É necessário delinear outros espaços semelhantes ao proposto pelo Caminhos do Cuidado que ocorram regularmente, pois um assunto tão polêmico e presente no cotidiano dos serviços de saúde não se esgota em 5 dias. Além da possibilidade de espaços formais de educação permanente, o estudo sugere a necessidade que tal debate não se restrinja ao ACS e que tais discussões sejam compartilhadas com todos os profissionais da ESF. Nesse sentido, a qualificação das reuniões de equipe e instituição de espaços regulares de apoio matricial no cotidiano dos trabalhadores para se discutir

tais questões são condições sine qua non para a promoção de saúde mental na atenção básica.

É pertinente que os futuros projetos de educação permanente reconheçam tais atravessamentos e problematizem em suas capacitações a pressão da mídia em disseminar um ideal de reabilitação por meio da religião, um ideal de um cuidado privatizado, a higienização dos espaços públicos e a medicalização da vida; bem como, promover reflexões-críticas sobre os limites da tentativa de controlar o comportamento do outro, sobre a rigidez da estruturação dos serviços, sobre a superficialidade dos contatos com os usuários e sobre o autoritarismo das práticas adotadas.

Delinear outros projetos de educação permanente em saúde que incluam na roda médicos, enfermeiros e dentistas são medidas importantes para a construção e efetivação de práticas integrais. A pesquisa também demonstrou a necessidade de se fortalecer os espaços para o apoio matricial, seja por meio de visitas e atendimentos compartilhados, seja na promoção de discussões coletivas e democráticas dos casos de usuários e famílias e a inclusão de ações de saúde mental como pauta das reuniões de equipe.
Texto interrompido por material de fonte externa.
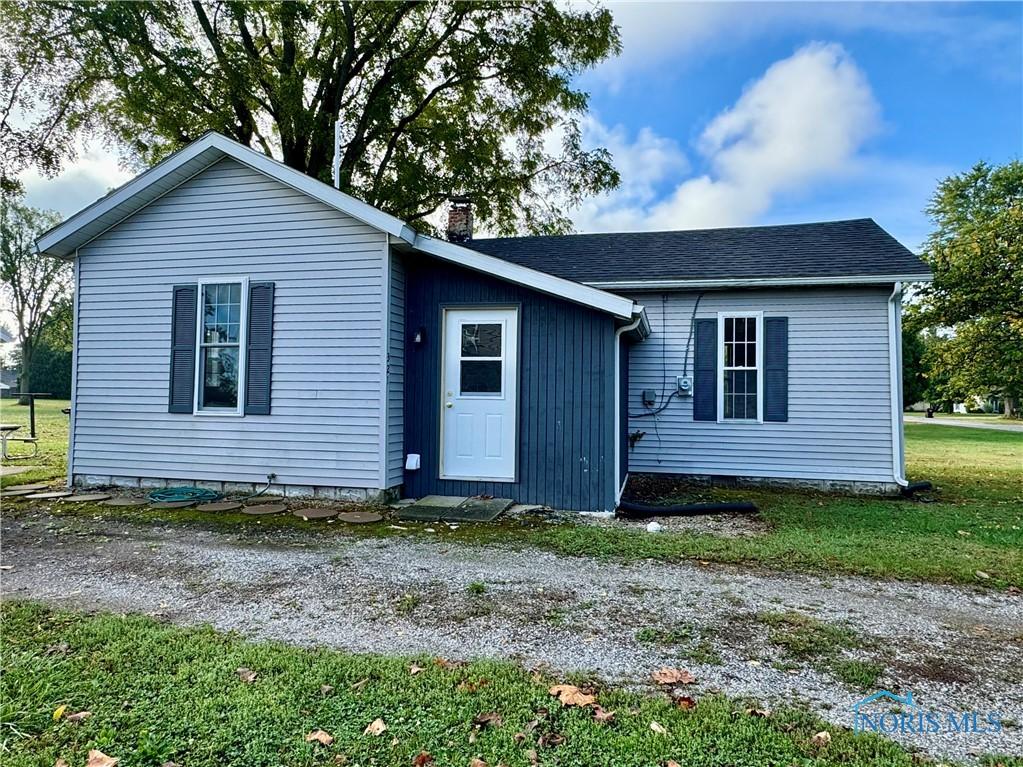 321 Chicago Ave, Hicksville, OH 43526 - photo 1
Parece ser fundamental que os profissionais das USF (e não apenas os ACS) pensem coletivamente em estratégias para lidar com os usuários de drogas, em como garantir a detecção precoce de uso abusivo e síndrome de dependência, como sensibilizar os usuários para o autocuidado, como dar espaço para as necessidades e desejos reconhecidos pelos usuários, como realizar encaminhamentos implicados, como oferecer retaguarda para os usuários em acompanhamento, em recaída, egressos de internações e familiares.
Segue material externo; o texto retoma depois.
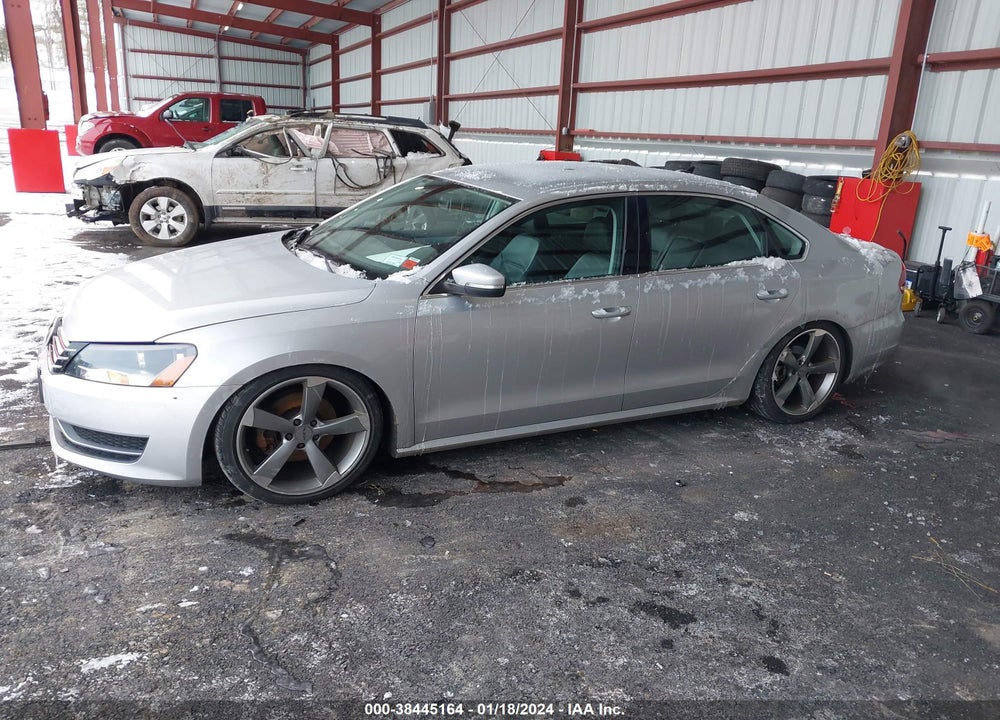 2013 VOLKSWAGEN PASSAT 2.5L SE VIN: 1VWBP7A3XDC040965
Trabalhar com mudança de paradigmas, com mudança de uma cultura manicomial são tarefas desafiadoras que não se resumem a um curso ou à uma dissertação. Assim, é fundamental que outros estudos também explorem as concepções e práticas dos ACS; bem como apresentem propostas de apoio matricial e educação permanente implicadas com a superação de um paradigma asilar e construções de práticas integrais que efetivem os princípios e doutrinas do SUS e da Reforma Psiquiátrica.